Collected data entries

^^^^^^^^^^^^^^^^

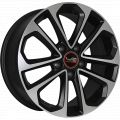 Replica H60 7.5x17 5x114.3 ET 55 Dia 64.1 MB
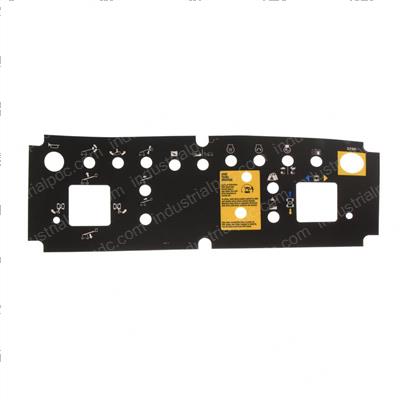 Picture of Decal - Platform Control Panel
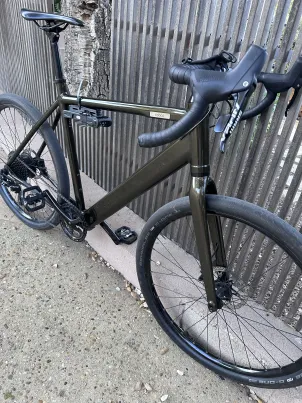 Coboc gravel shop bike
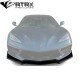 Lip Bumper Plástico 5 Piezas Fascia Chevrolet Corvette C8 2020 - 2024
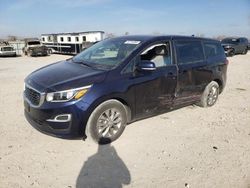 Salvage cars for sale at Kansas City, KS auction: 2020 KIA Sedona LX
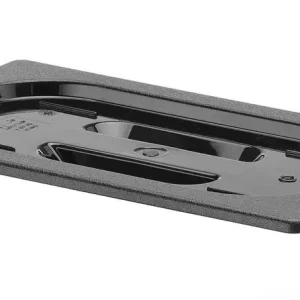 HENDI - Deksel - GN 1/4 - Polycarbonaat - Zwart - 265x162mm Betaalbaar
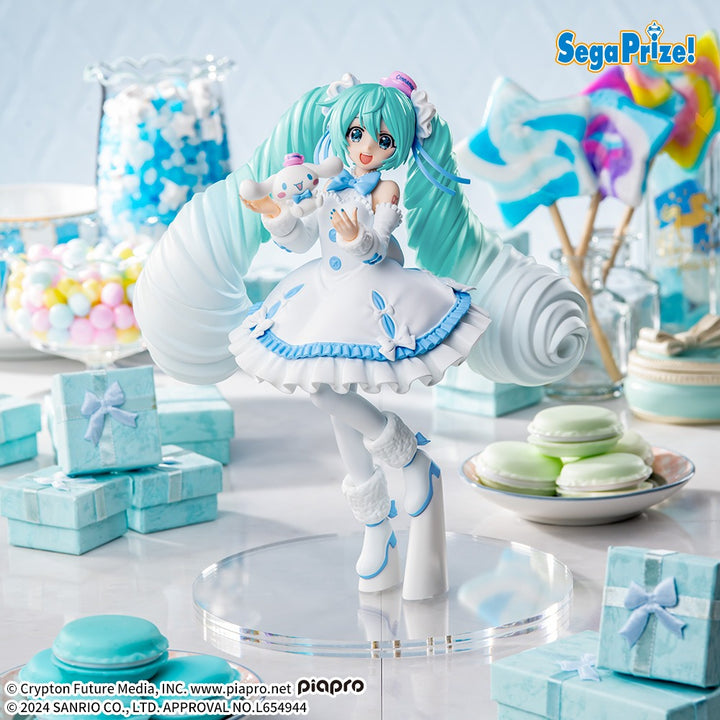 HATSUNE MIKU Luminasta Figure P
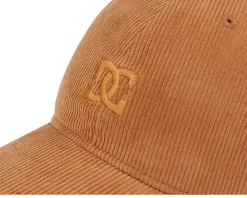 Dad Cap | Skate-DC Star Manchester Chipmunk Dad Cap - Brown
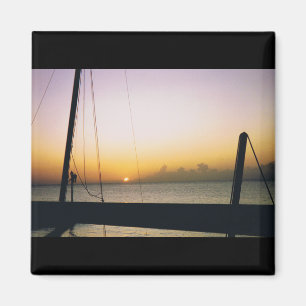 Aruba Sunset Magneet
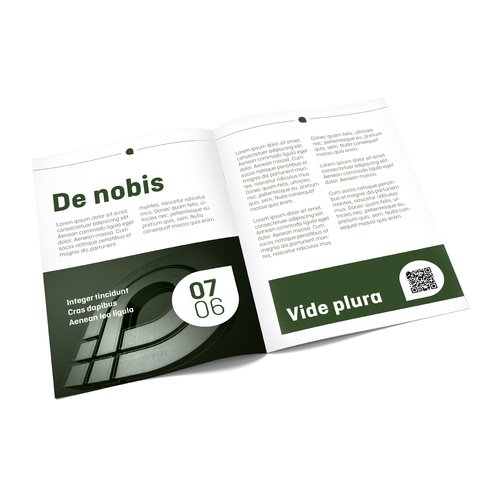 Gummed Mount Brochure, A6 2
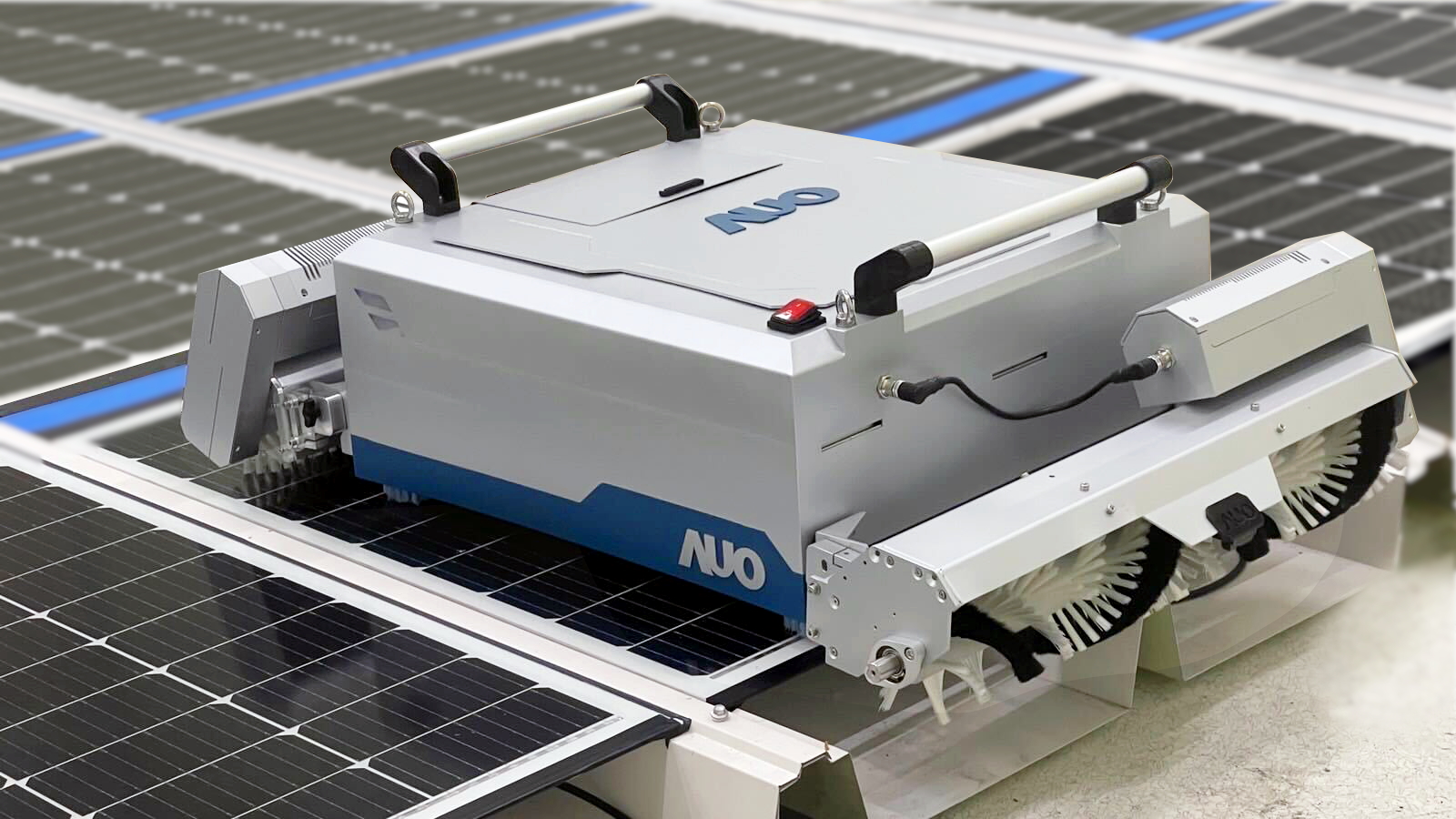 jinnian金年会致力EPC场域技术升级，导入清洁机器人搭配传感器与AI数据分析，大幅减少维运成本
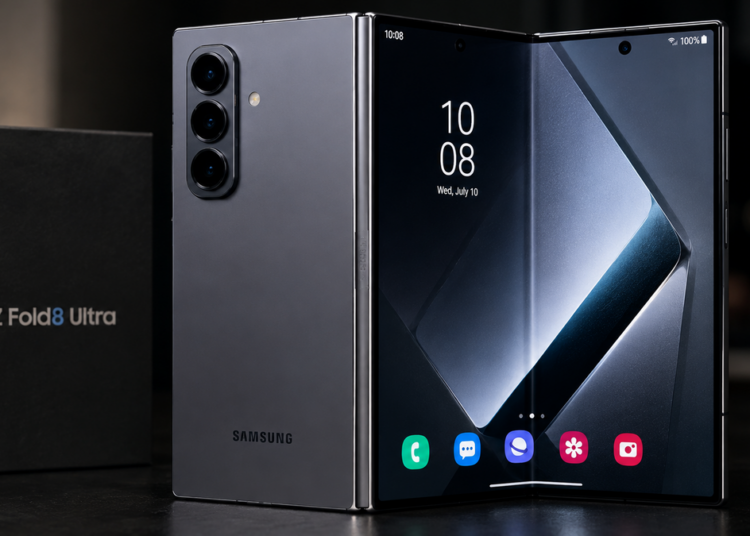 Samsung Galaxy Z Fold 8 Ultra Filtrada su primera imagen real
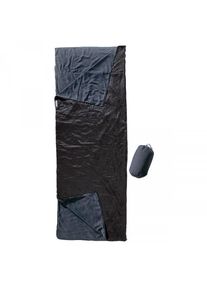 Cocoon Outdoor Blanket/Sleepingbag Synthetic sleeping bag (220 x 80 cm, black/blue)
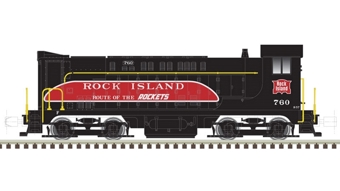 VO1000 Baldwin 761 of the Rock Island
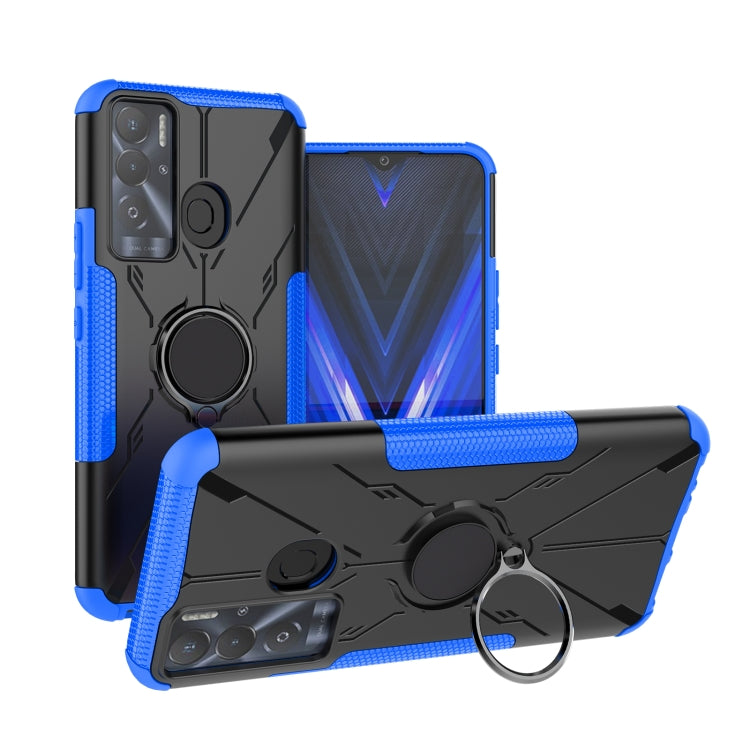 Armor Bear Custodia antiurto per PC + TPU con anello, For Nokia G21, For Motorola Moto G Stylus 2022, For Xiaomi Redmi Note 11 Pro 5G, For Tecno Spark Go 2022, For Samsung Galaxy A03s US Version, For Tecno Pova Neo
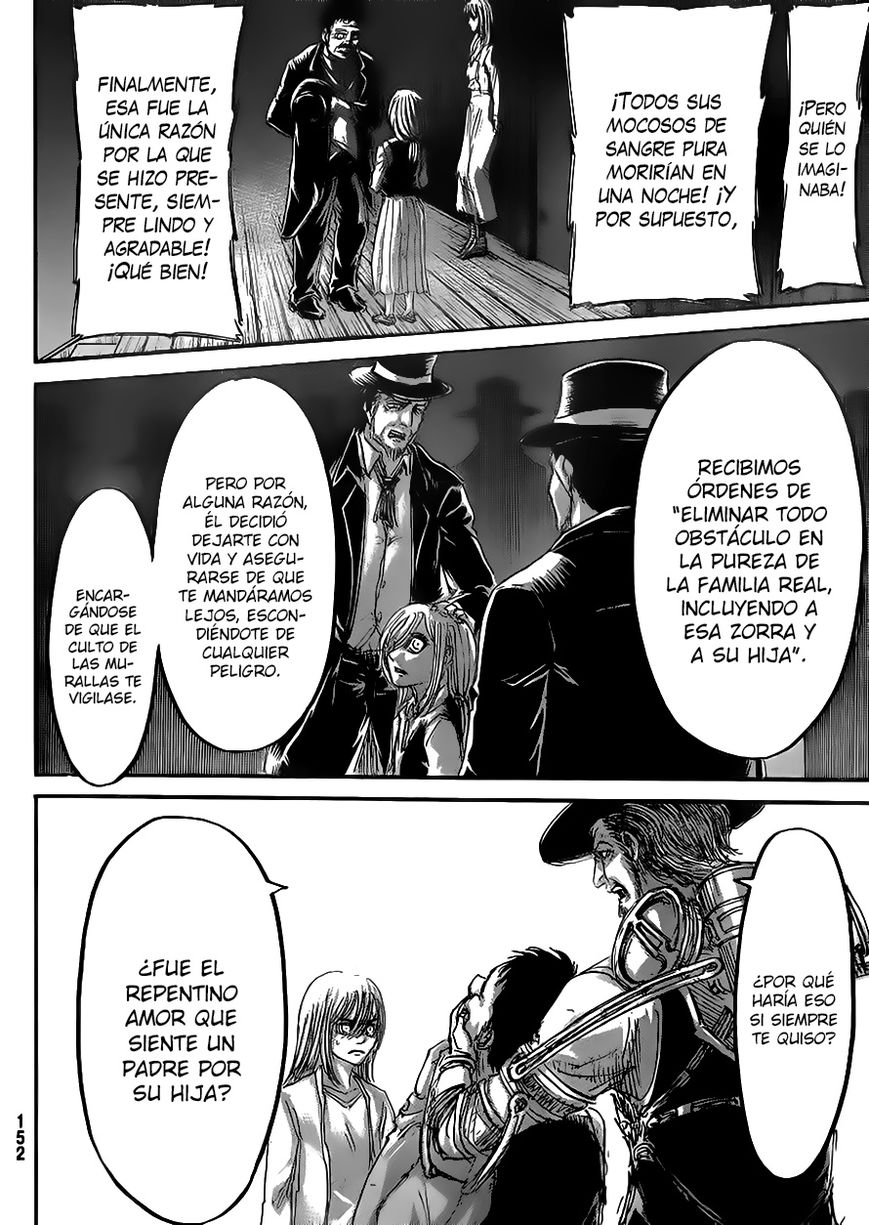 Read Attack on Titan Español Manga Online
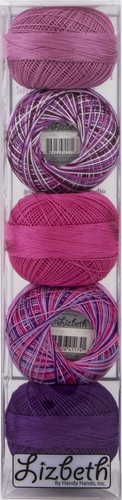 Handy Hands Lizbeth Specialty Pack Cordonnet Cotton Size 10 Dance Assortment 5/P
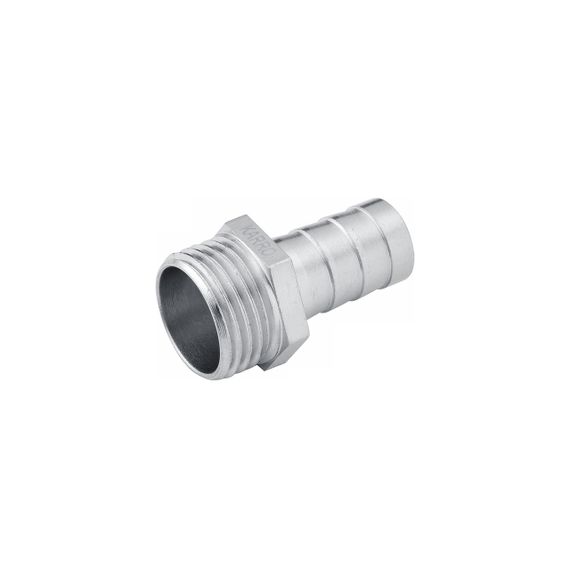 Штуцер Karro 1/2" РЗ, D=18 мм нікельований KR-821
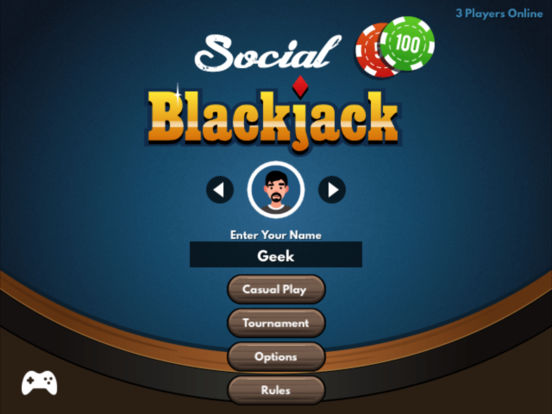 Social Blackjack screenshot 9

^^^^^^^^^^^^^^^^

WORK TASK →
Repeat all the records exactly, images excluded.

ANSWER FOR THE TASK →
 Replica H60 7.5x17 5x114.3 ET 55 Dia 64.1 MB
 Picture of Decal - Platform Control Panel
 Coboc gravel shop bike
 Lip Bumper Plástico 5 Piezas Fascia Chevrolet Corvette C8 2020 - 2024
 Salvage cars for sale at Kansas City, KS auction: 2020 KIA Sedona LX
 HENDI - Deksel - GN 1/4 - Polycarbonaat - Zwart - 265x162mm Betaalbaar
 HATSUNE MIKU Luminasta Figure P
 Dad Cap | Skate-DC Star Manchester Chipmunk Dad Cap - Brown
 Aruba Sunset Magneet
 Gummed Mount Brochure, A6 2
 jinnian金年会致力EPC场域技术升级，导入清洁机器人搭配传感器与AI数据分析，大幅减少维运成本
 Samsung Galaxy Z Fold 8 Ultra Filtrada su primera imagen real
 Cocoon Outdoor Blanket/Sleepingbag Synthetic sleeping bag (220 x 80 cm, black/blue)
 VO1000 Baldwin 761 of the Rock Island
 Armor Bear Custodia antiurto per PC + TPU con anello, For Nokia G21, For Motorola Moto G Stylus 2022, For Xiaomi Redmi Note 11 Pro 5G, For Tecno Spark Go 2022, For Samsung Galaxy A03s US Version, For Tecno Pova Neo
 Read Attack on Titan Español Manga Online
 Handy Hands Lizbeth Specialty Pack Cordonnet Cotton Size 10 Dance Assortment 5/P
 Штуцер Karro 1/2" РЗ, D=18 мм нікельований KR-821
 Social Blackjack screenshot 9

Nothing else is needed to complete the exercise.